[Python-Dev] about line numbers

Fri, 20 Aug 1999 21:54:10 +0100 (NFT)

I'll try to sketch here the scheme I'm thinking of for the
callback/breakpoint issue (without SET_LINENO), although some
technical details are still missing.

I'm assuming the following, in this order:

1) No radical changes in the current behavior, i.e. preserve the
   current architecture / strategy as much as possible.

2) We dont have breakpoints per opcode, but per source line. For that
   matter, we have sys.settrace (and for now, we don't aim to have
   sys.settracei that would be called on every opcode, although we might
   want this in the future)

3) SET_LINENO disappear. Actually, SET_LINENO are conditional breakpoints,
   used for callbacks from C to Python. So the basic problem is to generate
   these callbacks.

If any of the above is not an appropriate assumption and we want a radical
change in the strategy of setting breakpoints/ generating callbacks, then
this post is invalid.

The solution I'm thinking of:

a) Currently, we have a function PyCode_Addr2Line which computes the source
   line from the opcode's address. I hereby assume that we can write the
   reverse function PyCode_Line2Addr that returns the address from a given
   source line number. I don't have the implementation, but it should be
   doable. Furthermore, we can compute, having the co_lnotab table and
   co_firstlineno, the source line range for a code object.
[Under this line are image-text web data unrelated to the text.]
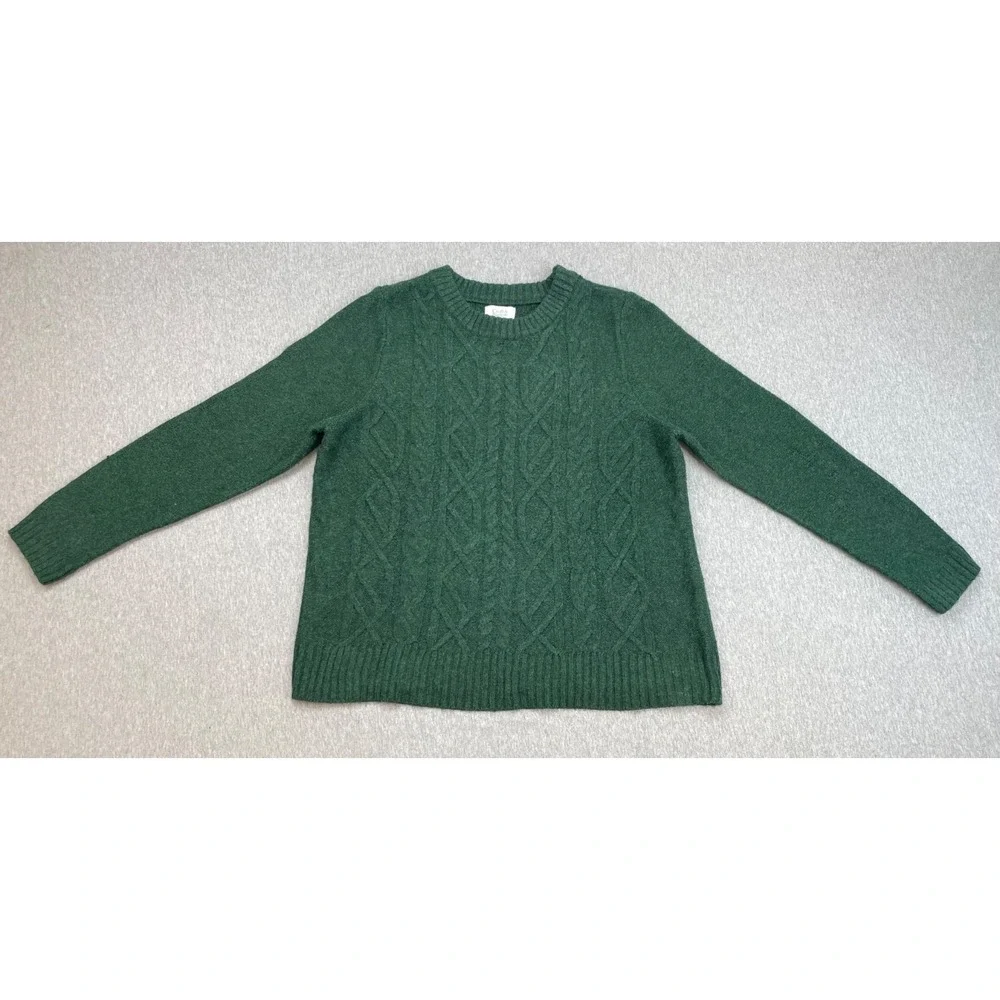 Croft & Borrow Sweater Womens XL Green Cable Knit Crew Neck Long Sleeve
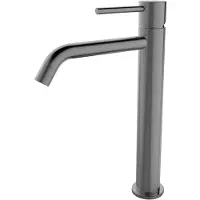 Wiesbaden Wastafelmengkraan Hoog Style XL Uitloop 19.5 cm 1-hendel Gunmetal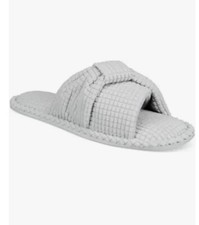 Charter Club Women's Textured Knot-Top Slippers Gray Color S 5-6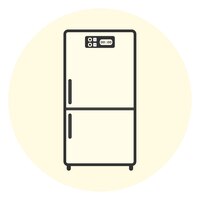 Simbolo dell'apparecchio icona frigorifero piatto bianco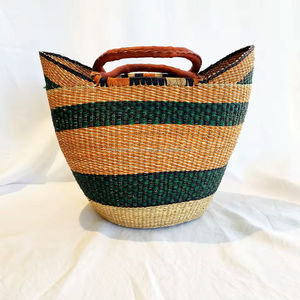 Natural Seagrass Bolga <b>Basket</b> Handmade Straw Decorative Organizer Sustainable Wholesale Supplier Vietnam - Product Image 2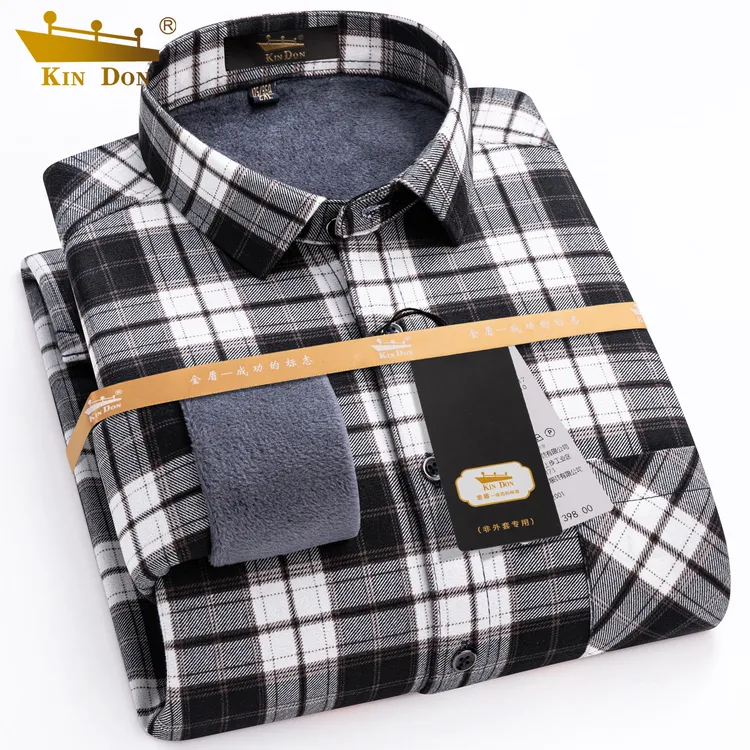 金盾秋冬款磨毛男士长袖保暖衬衫加绒加厚商务休闲加棉免烫衬衣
   As a consequence, even with the dumbiest of all algorithms, by looping
   trough this source line range, we can enumerate with PyCode_Line2Addr 
   the sequence of addresses for the source lines of this code object.

b) As Chris pointed out, in case sys.settrace is defined, we can allocate
   and keep a copy of the original code string per frame. We can further
   dynamically overwrite the original code string with a new (internal,
   one byte) CALL_TRACE opcode at the addresses we have enumerated in a).
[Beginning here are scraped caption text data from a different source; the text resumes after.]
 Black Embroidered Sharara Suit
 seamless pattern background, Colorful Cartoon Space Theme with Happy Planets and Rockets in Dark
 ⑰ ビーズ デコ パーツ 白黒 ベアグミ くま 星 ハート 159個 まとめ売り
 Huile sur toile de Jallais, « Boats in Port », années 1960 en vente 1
   The CALL_TRACE opcodes will trigger the callbacks from C to Python,
   just as the current SET_LINENO does.

c) At execution time, whenever a CALL_TRACE opcode is reached, we trigger
   the callback and if it returns successfully, we'll fetch the original
   opcode for the current location from the copy of the original co_code.
   Then we directly jump to the arg fetch code (or in case we fetch the
   entire original opcode in CALL_TRACE - we jump to the dispatch code).

Hmm. I think that's all.

At the heart of this scheme is the PyCode_Line2Addr function, which is
the only blob in my head, for now.

Christian Tismer wrote:
> 
> I didn't think of this before, but I just realized that
> I have something like that already in Stackless Python.
> It is possible to set a breakpoint at every opcode, for every
> frame. Adding an extra opcode for breakpoints is a good thing
> as well. The former are good for tracing, conditionla breakpoints
> and such, and cost a little more time since the is always one extra
> function call. The latter would be a quick, less versatile thing.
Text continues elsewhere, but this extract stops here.